N. O. – Le retrait des troupes américaines d’Irak que les candidats démocrates à l’élection présidentielle appellent de leurs voeux est-il une perspective réaliste ?

P.-J. Luizard. – Aujourd’hui il ne peut plus y avoir en Irak qu’un simulacre de retrait. Regardez ce qui se passe à Bassora, où des milliers de gens ont manifesté pour demander aux Britanniques de revenir dans le centre-ville ! Ils ne peuvent plus sortir de chez eux sans risquer la mort… Nous allons donc assister à un faux retrait, comme le surge a été une fausse victoire à destination de l’opinion publique américaine. Les Américains misent beaucoup sur les sociétés privées de sécurité. Ces mercenaires qui viennent du monde entier sont appelés à jouer un rôle grandissant dans ce conflit. Avec les dangers et les dérives que l’on a déjà vues. Mais cette privatisation a ses limites.

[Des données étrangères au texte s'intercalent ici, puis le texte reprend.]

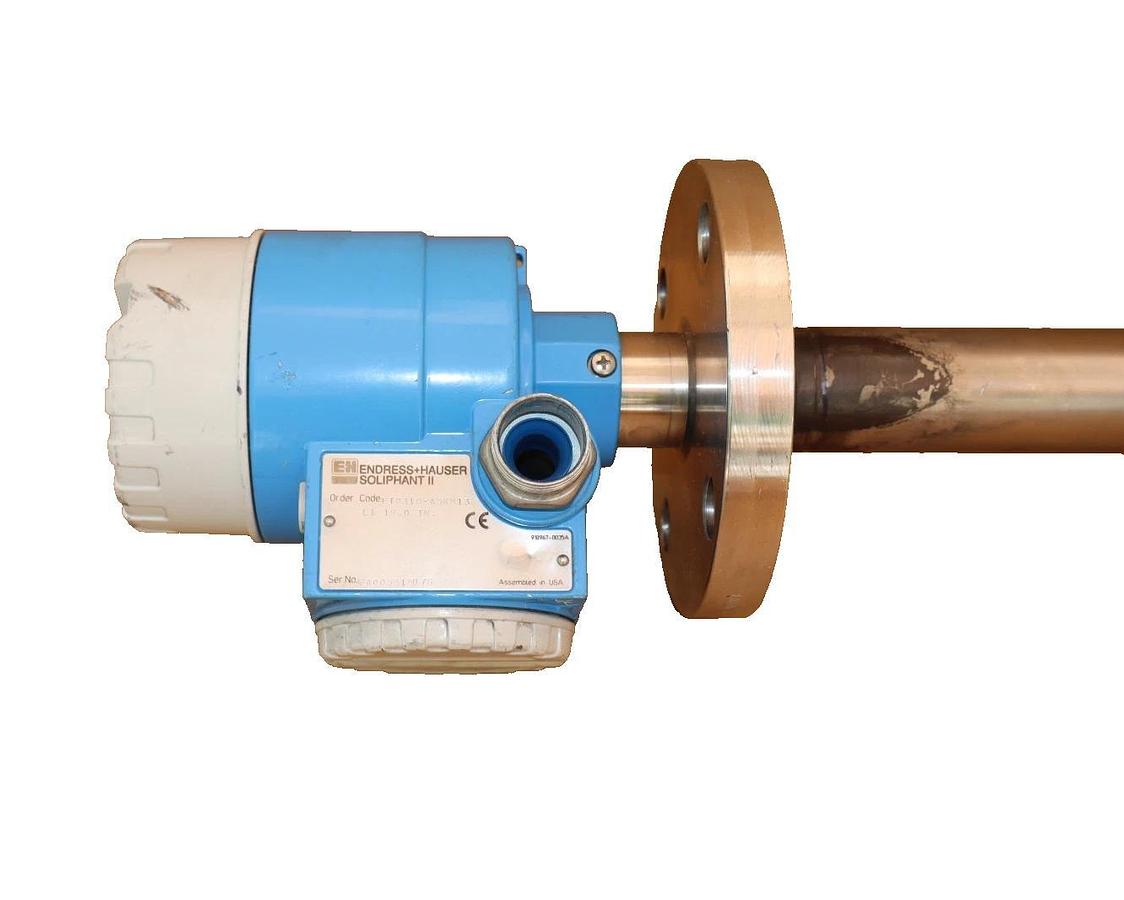 Used ENDRESS + HAUSER Liquid Level Sensor FTM31D-A5KM13 FTM31DA5KM13 L1 18"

Car sans la présence massive d’armée étrangère, c’est tout le fragile système laborieusement construit qui risque de s’effondrer.

Sara Daniel, Bagdad, février 2008

Pierre-Jean Luizard
Chercheur au groupe de sociologie des religions et de la laïcité du CNRS, spécialiste de l’Irak, Pierre-Jean Luizard est notamment l’auteur de «Laïcités autoritaires en terres d’islam» (Fayard, 2008) et de «la Question irakienne» (Fayard, 2004).